RADIOACTIVITY MEASUREMENTS - day 7
- Precipitates were recovered by centrifugation, resuspended in 1 mL TCA and transferred to 10 mL of Ultima Gold cocktail (PerkinElmer Life and Analytical Sciences, Boston, MA, US) as the scintillation fluid. Radioactivity measurements were performed using a Packard scintillation counter (2800TR). Counting time was to a statistical precision of ± 0.2% or a maximum of 5 minutes whichever came first. The scintillation counter was programmed to automatically subtract background and convert Counts Per Minute (CPM) to Disintegrations Per Minute (DPM).

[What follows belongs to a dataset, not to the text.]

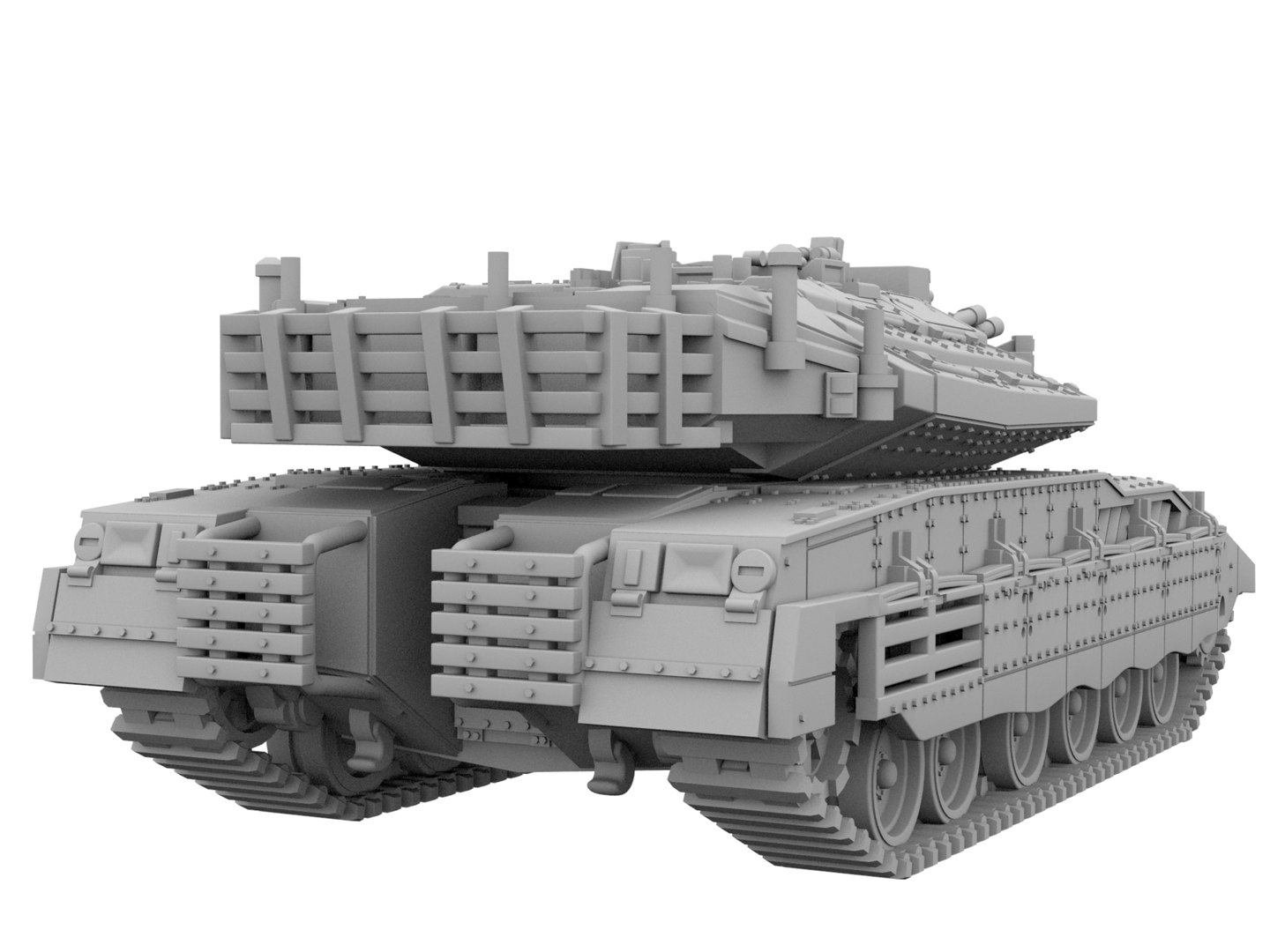 3D Model Merkava Mk4 Tank - TurboSquid 1312055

TREATMENT PREPARATION AND ADMINISTRATION:
- The test item preparations (w/w) were prepared within 4 hours prior to each dosing.
- No adjustment was made for specific gravity of the vehicle.
- Homogeneity was assessed by visual inspection of the solutions. Correction of the purity/composition of the test item is not applicable, since the test method requires a logical concentration range rather than specific dose levels to be dosed.
Positive control substance(s):
hexyl cinnamic aldehyde (CAS No 101-86-0)

Results and discussion

Positive control results:
The SI values calculated for the substance concentrations 5, 10 and 25% were 1.7, 3.0 and 9.1 respectively. An EC3 value of 10% was calculated using linear interpolation. The calculated EC3 value was found to be in the acceptable range of 4.8 and 19.5%. The results of the 6 monthly HCA reliability checks of the recent years were 16.5, 14.5, 13.4, 14.1, 17.3 and 9.8%.
The six-month reliability check with Alpha-hexylcinnamaldehyde indicates that the Local Lymph Node Assay as performed at WIL Research Europe is an appropriate model for testing for contact hypersensitivity.

In vivo (LLNA)

Resultsopen allclose all
Parameter:
SI
Value:
1.1
Variability:
+/- 0.2
Test group / Remarks:
2%
Parameter:
SI
Value:
1
Variability:
+/- 0.2
Test group / Remarks:
25%
Parameter:
SI
Value:
1.4
Variability:
+/- 0.3
Test group / Remarks:
50%
Cellular proliferation data / Observations:
CELLULAR PROLIFERATION DATA
mean DPM ± SEM
Vehicle control: 851 ± 143 DPM
2% (w/w): 925 ± 108 DPM
25% (w/w): 876 ± 135 DPM
50% (w/w): 1155 ± 112 DPM
DPM = Disintegrations per minute
SEM = Standard Error of the Mean

DETAILS ON STIMULATION INDEX CALCULATION : DPM values are presented for each animal and for each dose group. A Stimulation Index (SI) is calculated for each group using the individual SI values. The individual
SI is the ratio of the DPM/animal compared to DPM/vehicle control group.

EC3 CALCULATION : indication that the test item elicited a SI ≥ 3

CLINICAL OBSERVATIONS / BODY WEIGHT:
- Skin reactions / Irritation: No irritation of the ears was observed in any of the animals examined. White staining of test item remnants on the dorsal surface of the ears of the animals treated at concentrations of 25% and 50% on Days 2 and/or 4, did not hamper scoring of erythema.
- Systemic toxicity: No mortality occurred and no clinical signs of systemic toxicity were observed in the animals of the main study.
- Body weights and body weight gain of experimental animals remained in the same range as controls over the study period.
- Macroscopy of the auricular lymph nodes and surrounding area: The majority of auricular lymph nodes were considered normal in size, except for the nodes in two animals treated at a concentration of 50% which were considered enlarged. No macroscopic abnormalities of the surrounding area were noted for any of the animals.

Applicant's summary and conclusion

Interpretation of results:
GHS criteria not met
Conclusions:
Since there was no indication that the test item elicited a SI ≥ 3 when tested up to a concentration of 50%, JNJ-63757096-AAA (T003689) was not considered to be a skin sensitizer.